Gerald Andrews Hausman (born October 13, 1945) is a storyteller and award-winning author of books about Native America, animals, mythology, and West Indian culture. Hausman comes from a long line of storytellers and educators, and has published over seventy books for both children and adults.
Born in Baltimore, Maryland, to engineer father Sidney Hausman and mother Dorothy "Little" Hausman, Gerald grew up in New Jersey and Massachusetts before moving to New Mexico for college. Along with brother, Sid Hausman, a songwriter, entertainer and artist, Hausman attended New Mexico Highlands University in Las Vegas, New Mexico, where he obtained his B.A. in English Literature.

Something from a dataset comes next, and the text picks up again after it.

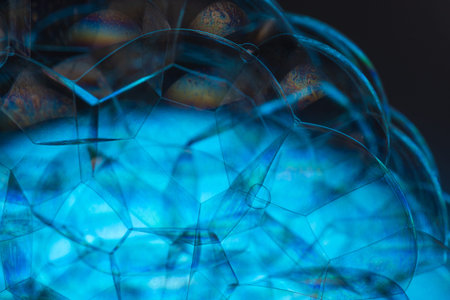 Blue soap bubbles with blue glow and rainbow fire reflections in them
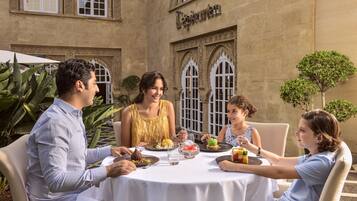 Un grupo de personas cenando en una mesa al aire libre con mantel blanco, rodeadas por un edificio con ventanas ornamentadas y un letrero que dice "Taj Mahal".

After graduation, Hausman married Loretta "Lorry" Wright and moved to Lenox, Massachusetts, where he taught creative writing and English at the Windsor Mountain School. He also founded, with his wife Lorry and David Silverstein, The Bookstore Press, which published some of the first paperback books for children. These included such authors as Ruth Krauss, Maurice Sendak, Crockett Johnson, Aram Saroyan and Paul Metcalf. In 1977, Gerald and Lorry moved to Tesuque, New Mexico, where they lived for seventeen years, raising two daughters, Hannah and Mariah.
During this time, Hausman worked as poetry teacher, editor, publisher and English teacher at Santa Fe Preparatory School in nearby Santa Fe, going on to found the Blue Harbour School of Creative Writing on the former estate of playwright Noël Coward in Port Maria, Jamaica. He has also served as poet-in-residence at Central Connecticut State College. In addition, he worked as a poet in the schools in the city of Pittsfield, Massachusetts.